A jury trial commenced on March 21, 2000. Forty-five prospective jurors were called. During voir dire, several prospective jurors indicated that they were familiar with the case, either through pre-trial publicity, fundraising activities, or familiarity with the Slaight family, and some indicated that they were unable to set aside their preconceived opinions concerning the case. In addition, prospective jurors Gruver, Wagner, and Heckaman indicated that *56 they would tend to believe the testimony of a police officer over another witness. However, when later questioned by the court, Gruver and Wagner both indicated that they would approach weighing the testimony of a police officer in the same manner as they would any other witness. Mr. Wagner was selected to serve on the jury, but Mr. Gruver and Mr. Heckaman were not.[3] At the conclusion of voir dire, ten prospective jurors were dismissed and four were seated during the first panel; six were dismissed and two were seated during the second panel; three were dismissed and four were seated during the third panel; two were dismissed and one was seated during the fourth panel; and, the sole prospective juror called was seated during the fifth panel. The jury convicted Green as charged on all counts.
I.
Motion for Change of Venue
Green contends that the trial court erred in denying his motion for change of venue from the county. In particular, Green argues that he was prejudiced by the denial of his motion both because the media coverage was so pervasive that it was impossible for an impartial jury to be selected and because the "cumulative effect of the earlier voir dire could only lead to the conclusion that the statements impacted the remaining jurors to the degree that it would have been difficult, if not impossible, for those remaining to render an impartial decision...." Appellant's Brief at 18.

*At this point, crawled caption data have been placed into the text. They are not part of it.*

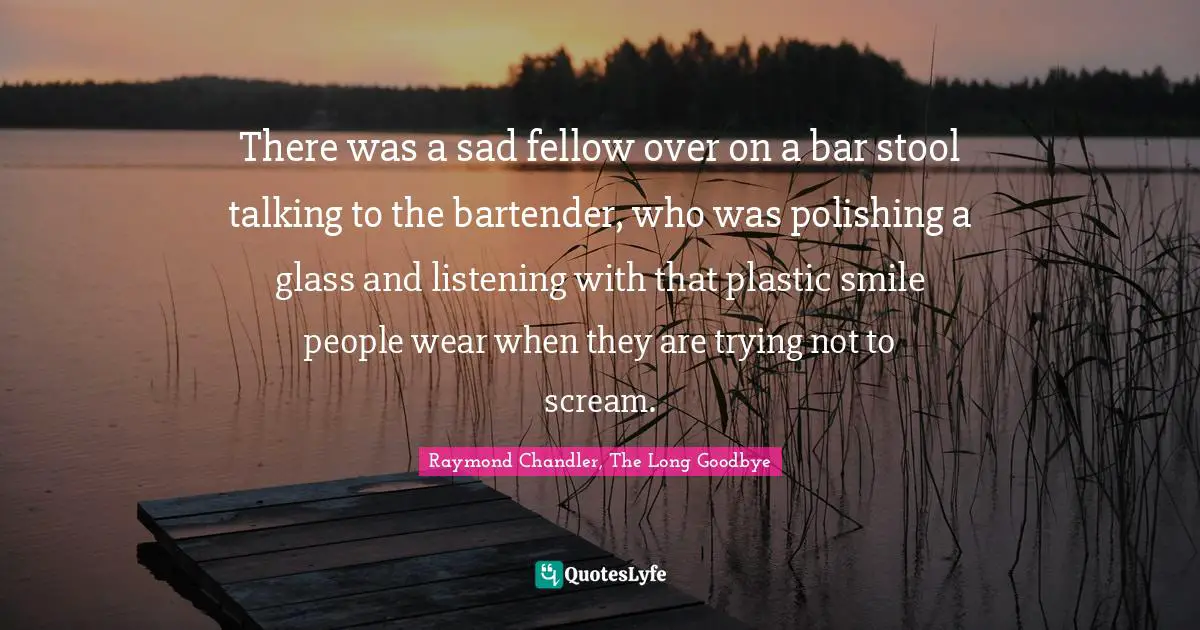 There was a sad fellow over on a bar stool talking to the bartender, who was polishing a glass and listening with that plastic smile people wear when they are trying not to scream.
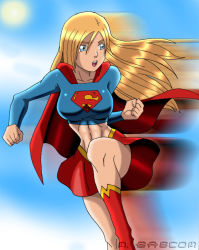 Rule 34 | 1girl, alien, blonde hair, blue eyes, blue sky, breasts, cape, clothes lift, dc comics, flying, kryptonian, legs, long hair, midriff, open mouth, red cape, red skirt, skirt, skirt lift, sky, sleeves past wrists, solo, sun, supergirl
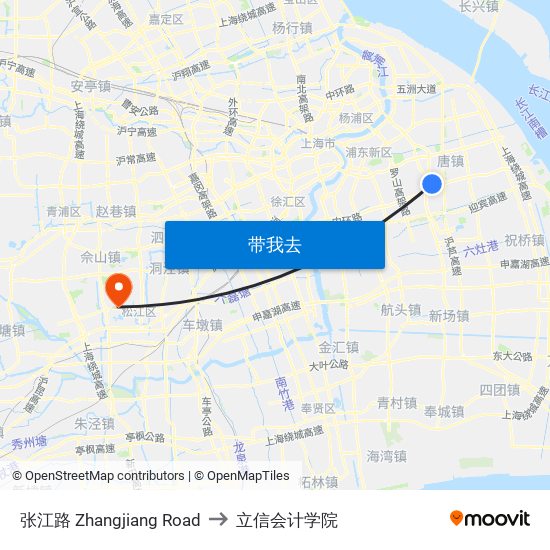 张江路 Zhangjiang Road to 立信会计学院 map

We review a trial court's denial of a motion for change of venue for an abuse of discretion. Specht v. State, 734 N.E.2d 239, 241 (Ind.2000). To prevail, a defendant must establish both prejudicial pretrial publicity and the jurors' inability to set aside preconceived notions of guilt and render an impartial verdict based upon the evidence. Id. Pretrial publicity is prejudicial when it contains either inflammatory material that is not admissible at trial or when it misstates or distorts the evidence. Clemens v. State, 610 N.E.2d 236, 240 (Ind.1993); Barnes v. State, 693 N.E.2d 520, 525 (Ind.1998). However, mere exposure to press coverage will not suffice. Barnes, 693 N.E.2d at 524; Specht, 734 N.E.2d at 241; see also Ind. Code § 35-37-1-5(b) (Burns Code Ed. Repl.1998) (providing that prospective juror may be allowed to serve despite existence of preconceived notions of guilt stemming from pretrial publicity, so long as juror states and court concludes that the juror can render a verdict based upon the law and the evidence presented). A trial court does not abuse its discretion where voir dire reveals that the seated jurors were able to set aside any preconceived notions of guilt and render a verdict based upon the evidence. Elsten v. State, 698 N.E.2d 292, 294 (Ind.1998). Furthermore, we presume that a juror's testimony in this regard during voir dire is truthful, unless the defendant shows a "general atmosphere of prejudice throughout the community." Brown v. State, 563 N.E.2d 103, 105 (Ind.1990).
In support of his motion, Green cited to the evidence of publicity he presented at the motion for change of venue hearing and the statements made by prospective jurors during voir dire that they had either read or heard about the collision or participated in fundraising efforts for the Slaight family. To be sure, the pretrial publicity in this case was prejudicial. *57 On August 12, 1999, the South Bend Tribune published an article entitled "Crash suspect has jail record." Record at 67. The article detailed Green's criminal history and included information concerning convictions that were not admissible during the trial.[4] Other newspaper articles contained similar criminal history information.[5] Clearly these newspaper articles contained inflammatory, inadmissible information. Thus, Green established the existence of prejudicial pretrial publicity. However, to prevail, he must also show that the seated jurors were unable to set aside any preconceived notions of guilt and decide the case based upon the evidence.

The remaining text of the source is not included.